Instructions to follow — Figure out the number of lines in the entries that hold the string "Villa", then give that number and nothing else.
BEGIN Dataset excerpts
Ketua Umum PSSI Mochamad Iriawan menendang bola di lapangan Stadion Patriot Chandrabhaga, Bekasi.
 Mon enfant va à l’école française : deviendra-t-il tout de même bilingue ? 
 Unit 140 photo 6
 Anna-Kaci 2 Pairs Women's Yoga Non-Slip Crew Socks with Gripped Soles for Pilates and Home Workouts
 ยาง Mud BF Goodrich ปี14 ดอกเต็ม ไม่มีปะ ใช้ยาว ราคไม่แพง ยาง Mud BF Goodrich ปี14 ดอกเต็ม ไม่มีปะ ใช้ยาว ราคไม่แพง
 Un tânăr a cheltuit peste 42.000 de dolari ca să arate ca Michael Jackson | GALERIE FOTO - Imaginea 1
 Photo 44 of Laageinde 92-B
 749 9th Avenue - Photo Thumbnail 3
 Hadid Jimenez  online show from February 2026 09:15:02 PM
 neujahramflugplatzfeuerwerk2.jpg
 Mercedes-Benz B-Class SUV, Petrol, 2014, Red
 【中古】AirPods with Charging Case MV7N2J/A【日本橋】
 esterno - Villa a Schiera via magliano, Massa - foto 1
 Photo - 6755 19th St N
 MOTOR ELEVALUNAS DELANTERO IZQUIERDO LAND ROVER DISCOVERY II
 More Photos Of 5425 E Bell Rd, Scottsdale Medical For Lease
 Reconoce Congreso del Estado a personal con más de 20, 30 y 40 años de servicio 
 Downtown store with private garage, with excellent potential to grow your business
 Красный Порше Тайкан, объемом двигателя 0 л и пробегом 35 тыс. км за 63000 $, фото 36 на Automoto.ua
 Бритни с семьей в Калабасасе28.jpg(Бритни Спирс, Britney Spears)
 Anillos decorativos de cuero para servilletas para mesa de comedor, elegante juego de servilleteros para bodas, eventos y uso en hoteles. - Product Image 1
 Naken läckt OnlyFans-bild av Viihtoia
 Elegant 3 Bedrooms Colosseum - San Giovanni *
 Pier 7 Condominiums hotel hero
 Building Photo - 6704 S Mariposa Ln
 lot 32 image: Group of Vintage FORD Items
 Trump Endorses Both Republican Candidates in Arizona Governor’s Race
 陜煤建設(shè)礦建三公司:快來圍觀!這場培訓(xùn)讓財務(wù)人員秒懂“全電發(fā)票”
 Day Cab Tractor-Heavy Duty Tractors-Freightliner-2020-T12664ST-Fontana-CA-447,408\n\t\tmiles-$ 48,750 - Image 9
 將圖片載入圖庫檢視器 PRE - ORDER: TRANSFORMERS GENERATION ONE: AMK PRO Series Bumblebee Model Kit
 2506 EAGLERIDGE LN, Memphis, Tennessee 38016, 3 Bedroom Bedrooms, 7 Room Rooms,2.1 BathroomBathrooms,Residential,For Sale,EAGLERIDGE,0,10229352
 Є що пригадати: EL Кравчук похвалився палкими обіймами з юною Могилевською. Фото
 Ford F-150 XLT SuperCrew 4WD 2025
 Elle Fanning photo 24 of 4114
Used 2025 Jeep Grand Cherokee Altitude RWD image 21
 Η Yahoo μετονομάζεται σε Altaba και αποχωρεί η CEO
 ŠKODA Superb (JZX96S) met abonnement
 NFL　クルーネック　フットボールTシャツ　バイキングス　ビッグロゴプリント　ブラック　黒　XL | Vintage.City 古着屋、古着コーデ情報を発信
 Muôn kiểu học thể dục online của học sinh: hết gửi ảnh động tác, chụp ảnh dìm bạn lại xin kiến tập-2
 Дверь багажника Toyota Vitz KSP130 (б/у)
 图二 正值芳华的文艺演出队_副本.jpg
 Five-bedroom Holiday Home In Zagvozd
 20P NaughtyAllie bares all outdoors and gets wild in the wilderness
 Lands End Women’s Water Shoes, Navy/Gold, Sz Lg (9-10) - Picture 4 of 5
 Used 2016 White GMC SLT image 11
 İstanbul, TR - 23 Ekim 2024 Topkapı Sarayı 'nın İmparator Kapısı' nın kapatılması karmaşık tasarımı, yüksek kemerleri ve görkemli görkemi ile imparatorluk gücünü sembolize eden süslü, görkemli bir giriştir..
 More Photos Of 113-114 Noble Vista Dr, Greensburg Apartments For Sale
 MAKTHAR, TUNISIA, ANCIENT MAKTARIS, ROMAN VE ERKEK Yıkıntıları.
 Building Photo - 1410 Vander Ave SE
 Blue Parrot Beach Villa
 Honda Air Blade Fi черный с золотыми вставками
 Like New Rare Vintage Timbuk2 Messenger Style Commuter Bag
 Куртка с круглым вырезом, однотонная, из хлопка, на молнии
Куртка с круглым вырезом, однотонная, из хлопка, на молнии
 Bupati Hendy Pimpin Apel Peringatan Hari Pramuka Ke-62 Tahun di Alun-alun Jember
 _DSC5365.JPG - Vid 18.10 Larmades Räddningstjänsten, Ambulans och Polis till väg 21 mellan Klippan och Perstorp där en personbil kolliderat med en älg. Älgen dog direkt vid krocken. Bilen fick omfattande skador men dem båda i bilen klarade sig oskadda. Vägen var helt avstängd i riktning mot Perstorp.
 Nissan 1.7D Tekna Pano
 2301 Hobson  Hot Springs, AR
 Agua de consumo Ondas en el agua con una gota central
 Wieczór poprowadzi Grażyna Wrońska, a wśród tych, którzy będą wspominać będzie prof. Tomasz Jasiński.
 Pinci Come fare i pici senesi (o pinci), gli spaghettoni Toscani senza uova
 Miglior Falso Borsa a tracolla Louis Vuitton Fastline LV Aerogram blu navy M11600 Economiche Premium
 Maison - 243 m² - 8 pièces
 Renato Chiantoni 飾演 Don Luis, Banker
END Dataset excerpts
Problem solution — 2